Web Crawler

The task is to implement a web crawler that starts at a given URL and visits all the links that share the same hostname as the start URL. We will follow these steps:

  1. Extract the Hostname: Since we’re only interested in URLs with the same hostname, we first need to extract the hostname from the start URL.

  2. Initialize Data Structures: We’ll use a set to keep track of URLs we’ve already visited, and a list to store the URLs we’ve crawled. We’ll also enqueue the start URL as the first URL to crawl.

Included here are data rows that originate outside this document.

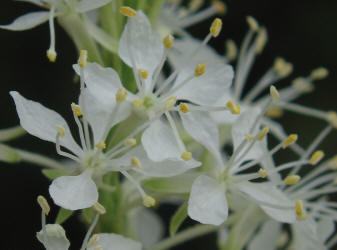 False Gaura, Stenosiphon linifolius (2)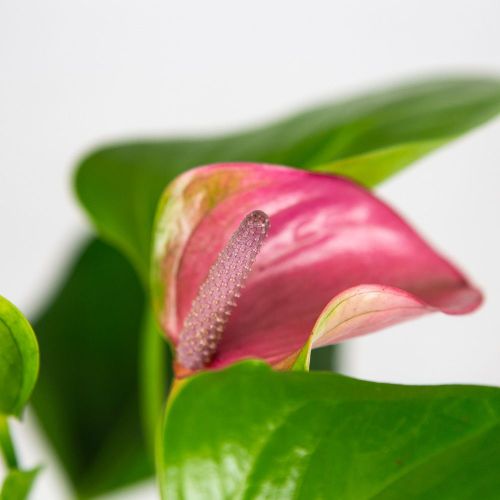 Антуриум Андре Карма Джоли Дуо Anthurium andraeanum Karma Joli Duo 5+ 43/12 (Н)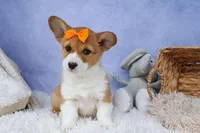 🐾 MEET WIGGLES 🐶❤️, a female Pembroke Welsh Corgi for sale in Fresno, OH – Photo 4 of 10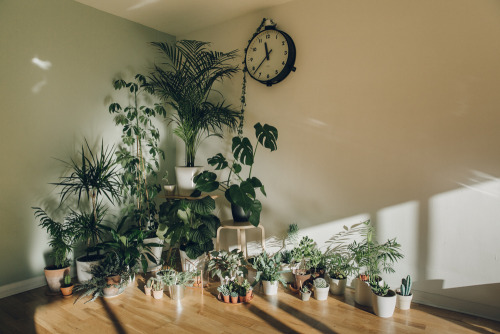 moral-uncertainty: House Tour - Haarkon Plants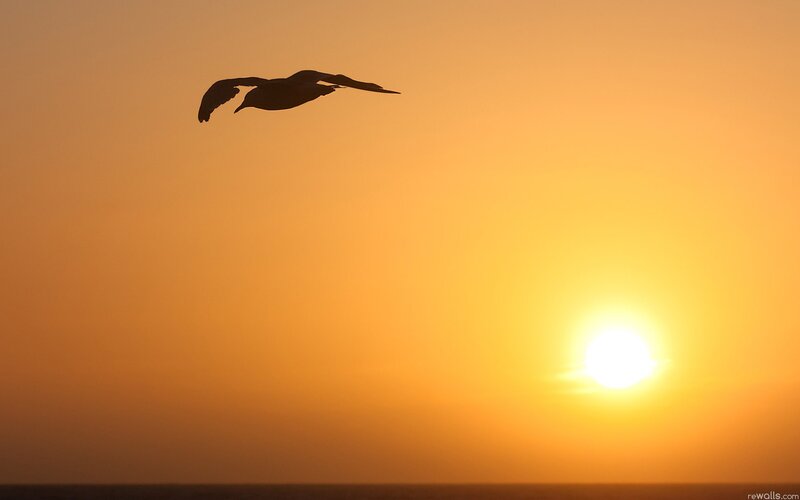 Seagull in Flight — Orange, Serene, Sunset, Photograph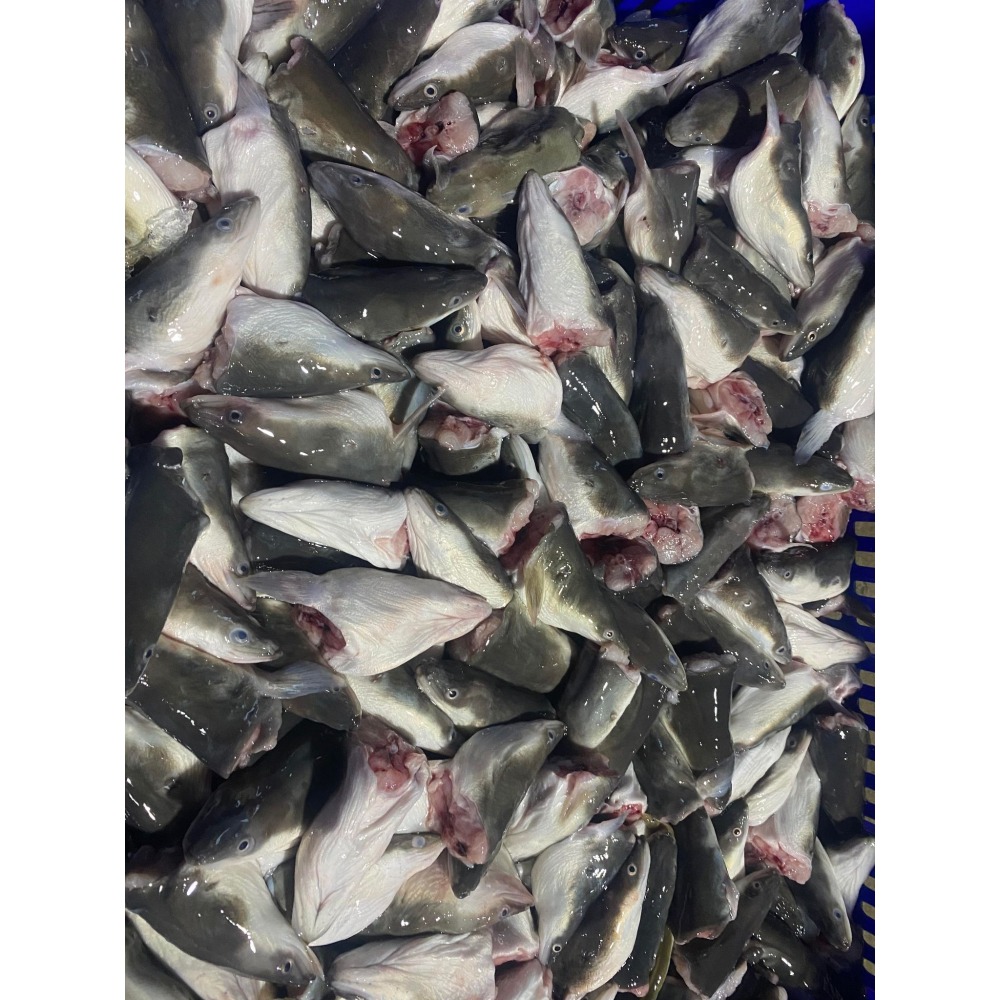 <鰻鰻專賣店>❗❗鰻魚頭❗❗，一公斤裝，鰻頭燉煮中藥#鰻魚#禮盒#日式#蒲燒#鰻-細節圖3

  3. Crawl the URLs: We’ll perform a breadth-first search (BFS) to crawl the URLs. For each URL, we’ll use the htmlParser.getUrls(url) method to obtain all linked URLs. We’ll then filter these URLs to only include those with the same hostname as the start URL, and only those we haven’t already visited.

  4. Repeat Until Done: We’ll repeat this process, visiting URLs in the order they were discovered, until we have visited all reachable URLs with the same hostname.

Here’s the code:

 1
 2
 3
 4
 5
 6
 7
 8
 9
10
11
12
13
14
15
16
17
18
19
20
21
22
23
24
25
26
27
28
29
from collections import deque

class Solution:
    def crawl(self, startUrl: str, htmlParser: 'HtmlParser') -> List[str]:
        # Function to extract hostname from a URL
        def get_hostname(url):
            return url.split('/')[2]

        # Extract the hostname from the start URL
        start_hostname = get_hostname(startUrl)

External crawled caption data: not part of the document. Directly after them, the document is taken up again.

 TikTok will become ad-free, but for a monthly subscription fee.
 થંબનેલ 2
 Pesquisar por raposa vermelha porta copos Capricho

        # Initialize visited set and queue for BFS
        visited = set([startUrl])
        queue = deque([startUrl])
        result = []

        # Perform BFS
        while queue:
            url = queue.popleft()
            result.append(url)

            # Get all linked URLs from the current URL
            for linked_url in htmlParser.getUrls(url):
                # Only consider URLs with the same hostname, and that have not been visited yet
                if get_hostname(linked_url) == start_hostname and linked_url not in visited:
                    visited.add(linked_url)
                    queue.append(linked_url)

        return result

This code follows the constraints and requirements of the problem, exploring only the URLs that share the same hostname as the start URL and avoiding visiting the same URL more than once. It returns the URLs crawled in any order, as required.